» **Problem description**
Give again only those lines from the start of the entries through the line holding "Синий Фольксваген Пассат, объемом", leaving them as they are.

» **Data for analysis**
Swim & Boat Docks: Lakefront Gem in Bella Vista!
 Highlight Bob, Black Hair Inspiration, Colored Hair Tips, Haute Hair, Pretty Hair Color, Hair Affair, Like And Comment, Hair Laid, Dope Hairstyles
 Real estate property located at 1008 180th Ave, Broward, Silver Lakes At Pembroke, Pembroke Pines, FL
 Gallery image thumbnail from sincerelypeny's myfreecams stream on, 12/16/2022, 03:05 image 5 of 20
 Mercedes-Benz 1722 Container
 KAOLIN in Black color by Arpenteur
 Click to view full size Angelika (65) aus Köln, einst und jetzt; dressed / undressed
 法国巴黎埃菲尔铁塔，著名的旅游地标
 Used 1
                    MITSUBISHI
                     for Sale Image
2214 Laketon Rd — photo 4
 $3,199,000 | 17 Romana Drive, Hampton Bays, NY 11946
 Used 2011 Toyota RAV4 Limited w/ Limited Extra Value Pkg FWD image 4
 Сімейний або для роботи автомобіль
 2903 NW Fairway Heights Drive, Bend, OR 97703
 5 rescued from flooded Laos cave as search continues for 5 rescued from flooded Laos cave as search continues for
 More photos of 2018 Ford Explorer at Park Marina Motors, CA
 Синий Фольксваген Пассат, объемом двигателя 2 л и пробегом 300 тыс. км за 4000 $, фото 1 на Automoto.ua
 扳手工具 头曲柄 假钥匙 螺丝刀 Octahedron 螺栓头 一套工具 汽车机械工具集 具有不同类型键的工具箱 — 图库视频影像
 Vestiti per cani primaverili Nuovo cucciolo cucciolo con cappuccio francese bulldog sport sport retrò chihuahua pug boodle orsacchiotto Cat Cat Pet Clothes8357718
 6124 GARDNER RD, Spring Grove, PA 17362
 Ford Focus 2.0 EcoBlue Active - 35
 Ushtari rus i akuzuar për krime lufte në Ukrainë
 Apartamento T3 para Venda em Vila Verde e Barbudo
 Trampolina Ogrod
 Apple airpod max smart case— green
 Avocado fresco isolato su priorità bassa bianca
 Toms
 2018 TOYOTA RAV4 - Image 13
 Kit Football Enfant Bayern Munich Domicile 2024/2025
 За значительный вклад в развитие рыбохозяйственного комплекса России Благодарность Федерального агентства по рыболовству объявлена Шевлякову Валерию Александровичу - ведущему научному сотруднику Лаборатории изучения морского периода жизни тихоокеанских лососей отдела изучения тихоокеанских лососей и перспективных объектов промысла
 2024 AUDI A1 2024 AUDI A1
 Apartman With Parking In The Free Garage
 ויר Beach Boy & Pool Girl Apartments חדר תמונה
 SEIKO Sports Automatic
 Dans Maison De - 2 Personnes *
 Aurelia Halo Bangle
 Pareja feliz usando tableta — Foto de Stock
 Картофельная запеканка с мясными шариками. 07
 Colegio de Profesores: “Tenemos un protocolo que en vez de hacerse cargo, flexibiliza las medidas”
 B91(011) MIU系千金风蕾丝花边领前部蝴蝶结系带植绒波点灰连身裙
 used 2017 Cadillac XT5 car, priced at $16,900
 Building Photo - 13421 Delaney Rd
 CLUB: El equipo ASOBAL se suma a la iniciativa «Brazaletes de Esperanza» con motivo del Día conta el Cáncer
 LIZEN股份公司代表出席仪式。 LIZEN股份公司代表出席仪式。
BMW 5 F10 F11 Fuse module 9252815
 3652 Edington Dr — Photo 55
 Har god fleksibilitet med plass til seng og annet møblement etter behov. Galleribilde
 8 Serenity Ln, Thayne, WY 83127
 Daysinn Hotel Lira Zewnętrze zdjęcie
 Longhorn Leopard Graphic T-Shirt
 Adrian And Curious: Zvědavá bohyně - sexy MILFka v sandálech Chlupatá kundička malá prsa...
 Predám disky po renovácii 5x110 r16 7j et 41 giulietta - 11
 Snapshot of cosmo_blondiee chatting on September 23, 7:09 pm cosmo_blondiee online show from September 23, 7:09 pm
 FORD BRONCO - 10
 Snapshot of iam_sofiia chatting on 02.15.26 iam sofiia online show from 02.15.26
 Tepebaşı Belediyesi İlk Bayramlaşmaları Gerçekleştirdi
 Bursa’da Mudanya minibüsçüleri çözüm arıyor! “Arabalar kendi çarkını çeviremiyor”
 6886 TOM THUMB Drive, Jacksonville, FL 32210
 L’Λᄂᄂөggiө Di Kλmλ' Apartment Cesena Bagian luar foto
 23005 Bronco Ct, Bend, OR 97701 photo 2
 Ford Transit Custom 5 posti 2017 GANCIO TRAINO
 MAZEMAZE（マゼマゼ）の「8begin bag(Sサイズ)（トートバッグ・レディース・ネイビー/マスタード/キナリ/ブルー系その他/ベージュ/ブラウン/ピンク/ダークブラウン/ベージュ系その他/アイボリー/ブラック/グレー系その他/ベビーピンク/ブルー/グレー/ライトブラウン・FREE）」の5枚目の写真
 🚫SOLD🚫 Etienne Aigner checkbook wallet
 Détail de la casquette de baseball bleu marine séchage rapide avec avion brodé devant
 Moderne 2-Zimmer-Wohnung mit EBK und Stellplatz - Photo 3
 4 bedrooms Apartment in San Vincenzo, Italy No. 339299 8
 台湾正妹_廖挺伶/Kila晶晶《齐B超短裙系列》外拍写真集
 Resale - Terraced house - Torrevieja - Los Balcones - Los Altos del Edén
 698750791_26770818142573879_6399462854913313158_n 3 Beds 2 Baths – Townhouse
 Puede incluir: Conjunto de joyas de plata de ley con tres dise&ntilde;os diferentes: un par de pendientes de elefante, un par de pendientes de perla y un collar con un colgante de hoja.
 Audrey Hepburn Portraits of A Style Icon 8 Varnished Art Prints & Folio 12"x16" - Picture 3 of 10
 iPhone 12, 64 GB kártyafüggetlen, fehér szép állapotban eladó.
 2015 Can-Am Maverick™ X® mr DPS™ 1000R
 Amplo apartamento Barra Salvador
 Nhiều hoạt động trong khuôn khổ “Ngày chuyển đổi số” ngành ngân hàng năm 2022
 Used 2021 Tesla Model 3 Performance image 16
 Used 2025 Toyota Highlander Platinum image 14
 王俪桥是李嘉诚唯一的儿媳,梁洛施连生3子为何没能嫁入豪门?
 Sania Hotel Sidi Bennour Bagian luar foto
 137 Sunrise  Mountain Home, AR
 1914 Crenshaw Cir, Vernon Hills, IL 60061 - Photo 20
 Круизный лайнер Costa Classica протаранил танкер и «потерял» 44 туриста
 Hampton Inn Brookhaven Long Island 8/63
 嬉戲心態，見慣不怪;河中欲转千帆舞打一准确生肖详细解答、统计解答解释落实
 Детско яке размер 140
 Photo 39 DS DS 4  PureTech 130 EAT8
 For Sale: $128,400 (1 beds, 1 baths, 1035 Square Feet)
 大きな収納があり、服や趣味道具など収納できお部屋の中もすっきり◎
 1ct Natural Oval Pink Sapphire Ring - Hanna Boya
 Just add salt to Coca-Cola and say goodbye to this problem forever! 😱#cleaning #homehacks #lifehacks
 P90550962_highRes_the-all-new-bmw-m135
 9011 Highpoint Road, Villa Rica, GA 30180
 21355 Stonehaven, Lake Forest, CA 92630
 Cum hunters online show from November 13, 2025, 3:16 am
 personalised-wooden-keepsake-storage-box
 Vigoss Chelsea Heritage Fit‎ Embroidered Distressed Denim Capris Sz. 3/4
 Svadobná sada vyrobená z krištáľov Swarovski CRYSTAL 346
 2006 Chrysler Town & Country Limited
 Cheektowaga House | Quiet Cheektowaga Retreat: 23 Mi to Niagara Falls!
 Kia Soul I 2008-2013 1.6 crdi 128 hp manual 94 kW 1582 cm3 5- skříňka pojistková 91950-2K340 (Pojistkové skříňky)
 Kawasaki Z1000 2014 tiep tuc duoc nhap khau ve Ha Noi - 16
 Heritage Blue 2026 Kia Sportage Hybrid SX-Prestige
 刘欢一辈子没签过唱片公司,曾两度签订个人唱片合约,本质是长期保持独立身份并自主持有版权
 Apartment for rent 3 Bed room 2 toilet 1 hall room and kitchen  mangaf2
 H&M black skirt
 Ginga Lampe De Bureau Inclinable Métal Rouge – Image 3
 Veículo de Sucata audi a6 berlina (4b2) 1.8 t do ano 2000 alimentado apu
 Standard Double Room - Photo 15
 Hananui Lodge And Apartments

» **Output for this exercise**
Swim & Boat Docks: Lakefront Gem in Bella Vista!
 Highlight Bob, Black Hair Inspiration, Colored Hair Tips, Haute Hair, Pretty Hair Color, Hair Affair, Like And Comment, Hair Laid, Dope Hairstyles
 Real estate property located at 1008 180th Ave, Broward, Silver Lakes At Pembroke, Pembroke Pines, FL
 Gallery image thumbnail from sincerelypeny's myfreecams stream on, 12/16/2022, 03:05 image 5 of 20
 Mercedes-Benz 1722 Container
 KAOLIN in Black color by Arpenteur
 Click to view full size Angelika (65) aus Köln, einst und jetzt; dressed / undressed
 法国巴黎埃菲尔铁塔，著名的旅游地标
 Used 1
                    MITSUBISHI
                     for Sale Image
2214 Laketon Rd — photo 4
 $3,199,000 | 17 Romana Drive, Hampton Bays, NY 11946
 Used 2011 Toyota RAV4 Limited w/ Limited Extra Value Pkg FWD image 4
 Сімейний або для роботи автомобіль
 2903 NW Fairway Heights Drive, Bend, OR 97703
 5 rescued from flooded Laos cave as search continues for 5 rescued from flooded Laos cave as search continues for
 More photos of 2018 Ford Explorer at Park Marina Motors, CA
 Синий Фольксваген Пассат, объемом двигателя 2 л и пробегом 300 тыс. км за 4000 $, фото 1 на Automoto.ua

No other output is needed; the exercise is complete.